Can this be forge welded to a piece of tool steel, as in san mai, to make a knife blade? What type of tool steel?
 
Rail track is already good knife steel 1070- 1080 ish
( meets federal specifications for rail track- sources of these documents available on line somewhere)

Yes it could be forge welded to make a San Mai layere billet


I would guess you want something with contrast.

416 stainless would be shiny
Wrought iron would be grey and patterny
 
Hi Clive,

The hammer-in is the first put on by the new Cape Breton Blacksmith Assoc. on Nov 6-7 at John McDonald's Forge out in back of Baddeck.

Come on over and join us. I'm told there'll be a bunch of folks there and it should be fun.

Here's the web site:
http://www.cbblacksmiths.com/
 
Does anyone know of any that are going to be a little closer?

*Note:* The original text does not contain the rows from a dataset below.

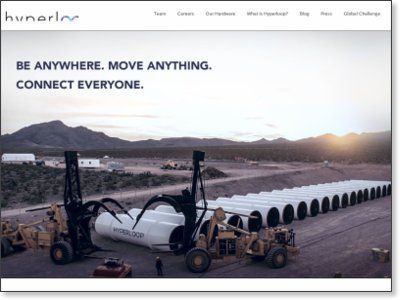 0316-hyperloop_one.jpg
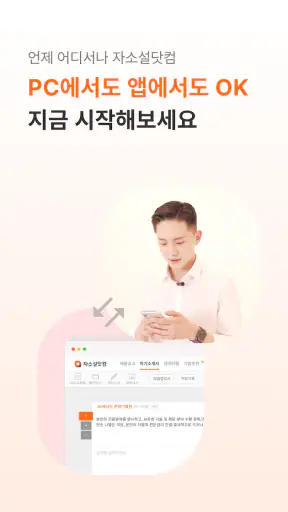 자소설닷컴 - 나의 첫 취업플랫폼, 상위권대졸 맞춤채용 screenshot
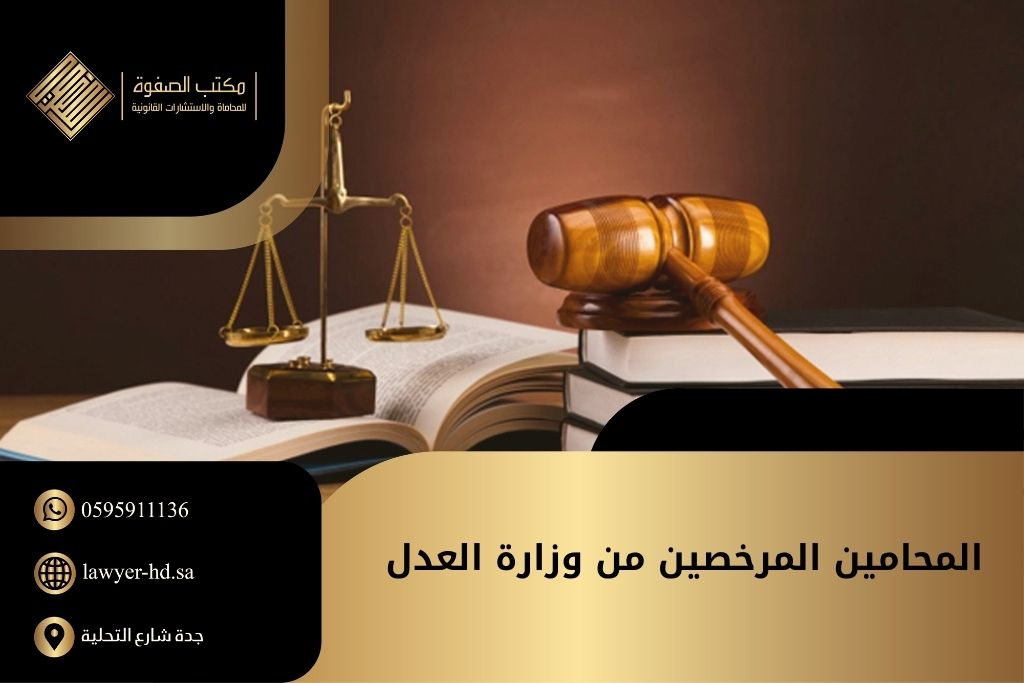 المحامين المرخصين من وزارة العدل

I would like to go to one but 5 hours is a little far for me.
 
this your typical rail steel.

the steel on the left is what we call "main line" steel , it is about 6 3/4 inches high. obviously made for mainline traffic.

the steel on the right is what we call "siding" steel, it is about 4 1/4 inches high.

Railroad steel is made of C-.6, Sil- .15, Mag-.82. (there are some other smaller properties not worth mentioning)

there are other steels used on railroads. but this is typical. and probably covers 98% of what is available. you can get mainline rail steel at any large junk yard/steel re-manufacturing yard .



virgilio palmer

I also for got to mention, that it is a water quenching steel, but if you are afraid of water you can quench in oil.